Friday, December 22, 2006

Raising the School Leaving Age

Alan Johnson, in discussing the proposal to raise the school leaving age to 18, said:

"40, 50, 60 years ago, seeing a 14-year-old at work was perfectly acceptable. Now it is totally unacceptable. And it should be just as unacceptable to see a 16-year-old just working and not doing anything else, not receiving any training or schooling."

In my opinion, what is actually completely unacceptable here is that someone who has absolutely NO idea about an individual's desires and propensities, imagines that he has the right to dictate what that other person should be doing with their lives.
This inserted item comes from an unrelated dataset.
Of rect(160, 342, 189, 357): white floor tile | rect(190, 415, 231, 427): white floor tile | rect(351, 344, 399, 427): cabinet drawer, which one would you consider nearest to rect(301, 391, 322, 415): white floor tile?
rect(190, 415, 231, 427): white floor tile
There, that should be it - this much should be so obvious as to warrant no further explanation, but just in case it isn't, I will explain that I think it is generally very difficult for anyone to work out when someone else is or is not learning. As Jan Fortune Wood used to say - who can tell what that child lying on the sofa staring at the ceiling is thinking?"

I once briefly worked with a woman who, to my mind, should have been a player in the City, so quick and accomplished was she with numbers, business management, man-management, time management, PR, sales, she had the full works. She had somehow acquired all of these skills working from the age of 16 in the apparently mind-numbingly boring task of picking mushrooms in a darkened shed all day. Inexplicably as far as I was concerned, she just loved picking mushrooms. Perhaps something to do with her dedication to the task had resulted in this accumulation of other attendant skills and she gradually and imperceptibly took on more and more responsibility within the business. Eventually the manager left everything up to her.

So when Gordon Brown says that young people need qualifications in a post-industrial economy, I say "What are you talking about? Qualifications don't necessarily equal skills and there are more ways to acquire information than simply sitting in a classroom? Plus, why does everyone need to be a techie? The largest growth area in employment has quite recently been in the demand for Care Assistants. How many college graduates will want to fill that role after forking out so much cash to be educated?"

Perhaps one of the reasons that Johnson and Brown are thinking of going for 18 is because the age at which youths commit the maximum number of crimes correlates to the minimum school leaving age, so that when the school leaving age was 14, crime amongst youths peaked at 14, and similarly when the school leaving age was raised to 16. (see The Welfare State We're In, James Bartholomew). Could Johnson and Brown be thinking that if they just keep children engaged in school for long enough, they will get past that criminal stage entirely? If this is the case, I suspect they've got it wrong, and that what we will see instead are increasing levels of anarchy in schools, as children who are woefully unsuited to being in this sort of institution become ever more disaffected and desperate as a result of the lengthening of their torture.

ARCH has another very likely take on their possible motives.

2 comments:

Anonymous said...

I think teenagers today need more responsibility and ownership of their lives.

http://www.reason.com/news/show/28174.html

http://www.ishmael.com/Education/Writings/unschooling.shtml

Carlotta said...

Thanks for the links...have so far enjoyed the first of these.